• Work instructions: Repeat the data that follows verbatim. Images are not part of the copy.

• Exercise inputs:
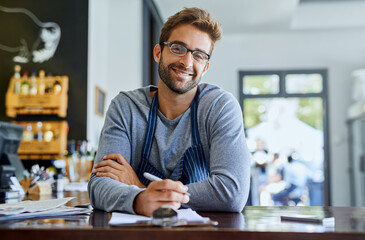 Happy businessman or coffee shop owner with documents or agenda for planning menu and recipes in...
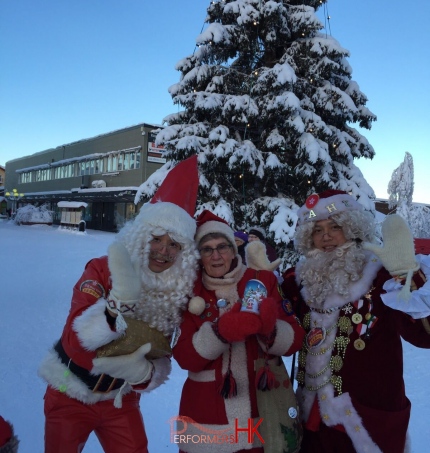 Standing in front of christmas tree with other santa, chinese santa mario is happy and his friend is also happy with finnish local women in tow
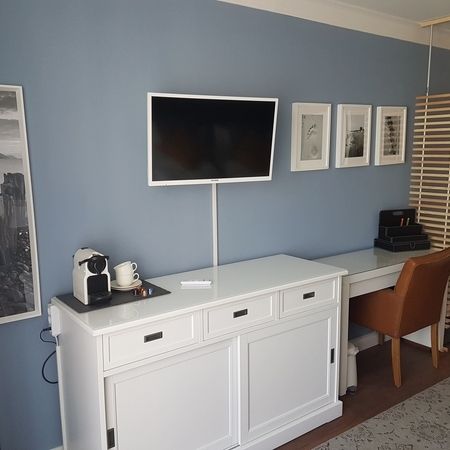Der Fernseher und eine weiße Kommode im Doppelzimmer 101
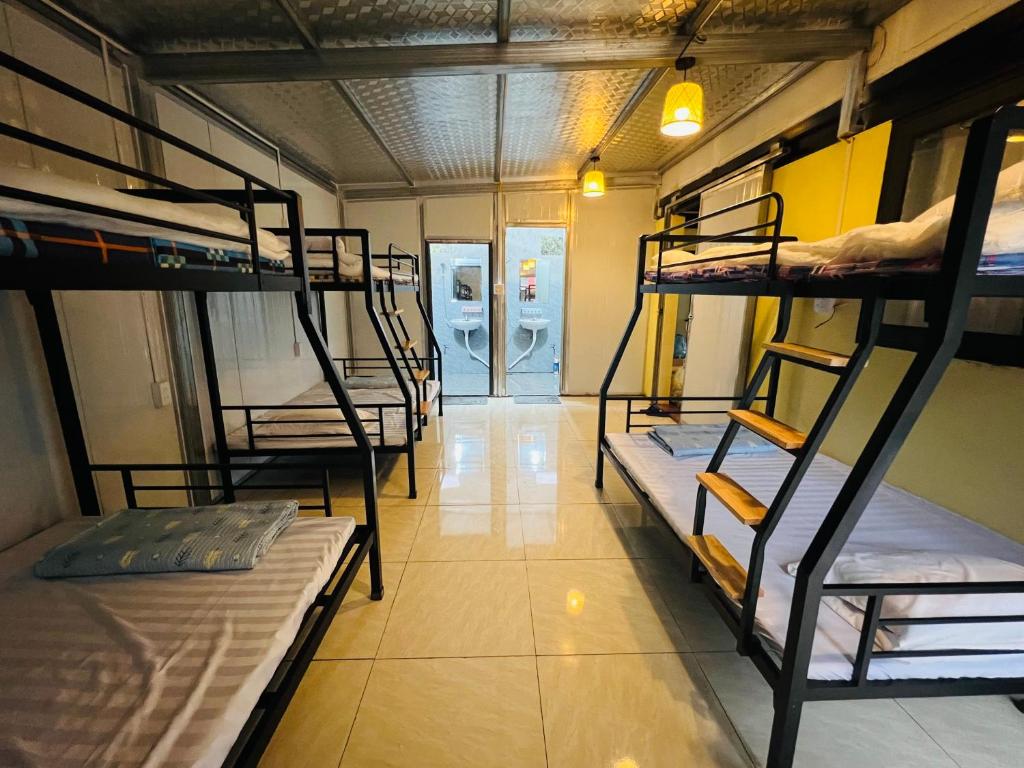 a room with several bunk beds and a hallway at Fish Farm Uncle Thanh in Xóm Soi (1)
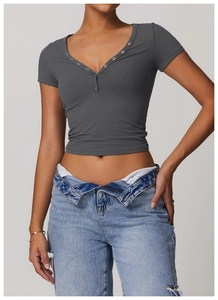 Close-up of charcoal grey ribbed gym top featuring a U-neck with metal button details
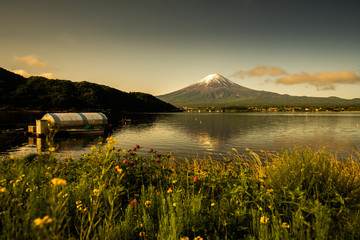Fuji mountain and Kawaguchiko lake in morning, fog flow on the air.
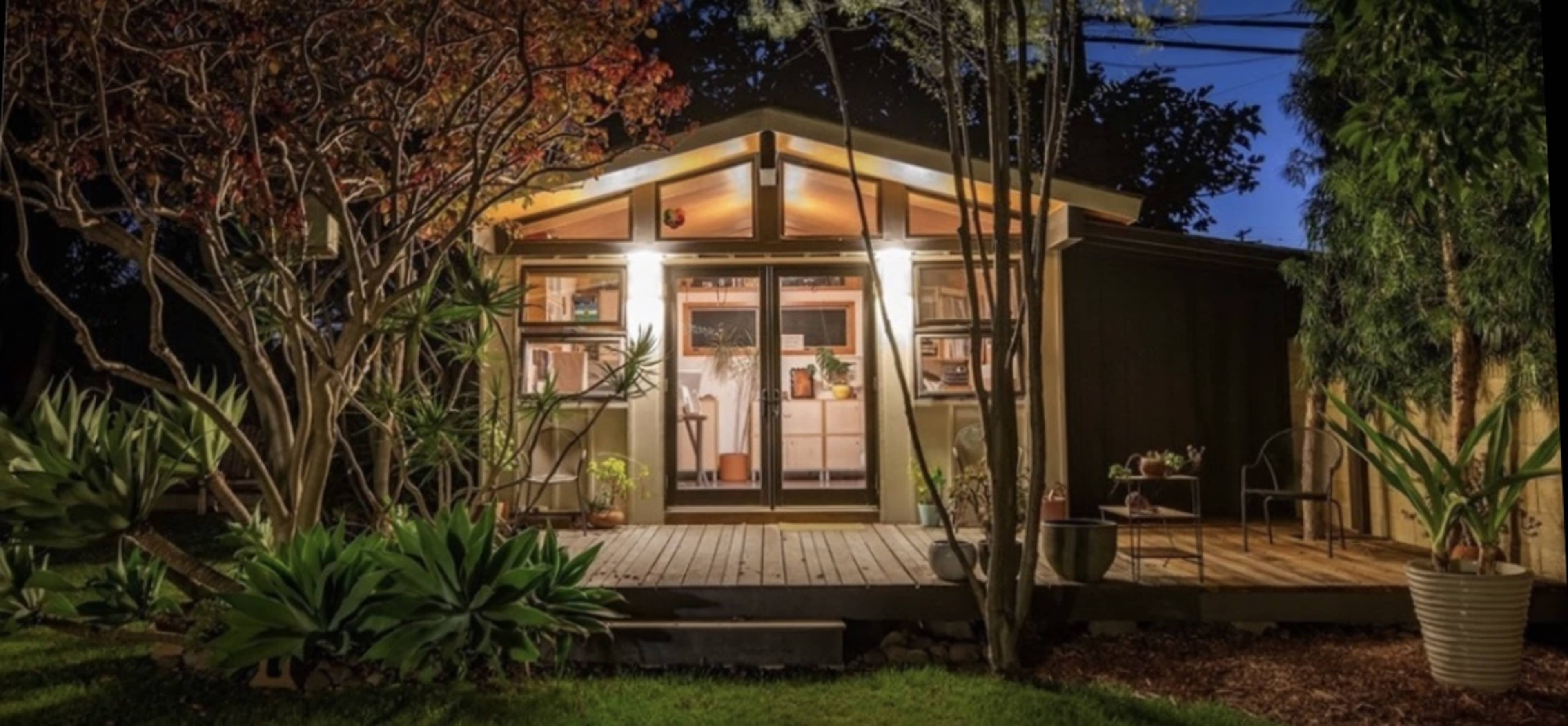 A modern wooden cabin with large windows is illuminated at night, surrounded by lush greenery and a wooden deck.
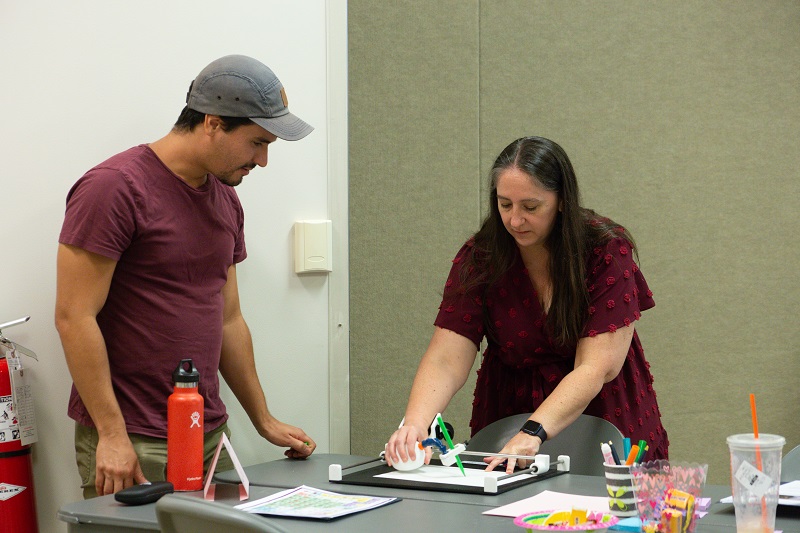 Visual and performing arts educators practice using assistive technology for the art classroom during Mennella and Wilt’s professional development session.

• Answer below:
 Happy businessman or coffee shop owner with documents or agenda for planning menu and recipes in...
 Standing in front of christmas tree with other santa, chinese santa mario is happy and his friend is also happy with finnish local women in tow
Der Fernseher und eine weiße Kommode im Doppelzimmer 101
 a room with several bunk beds and a hallway at Fish Farm Uncle Thanh in Xóm Soi (1)
 Close-up of charcoal grey ribbed gym top featuring a U-neck with metal button details
Fuji mountain and Kawaguchiko lake in morning, fog flow on the air.
 A modern wooden cabin with large windows is illuminated at night, surrounded by lush greenery and a wooden deck.
 Visual and performing arts educators practice using assistive technology for the art classroom during Mennella and Wilt’s professional development session.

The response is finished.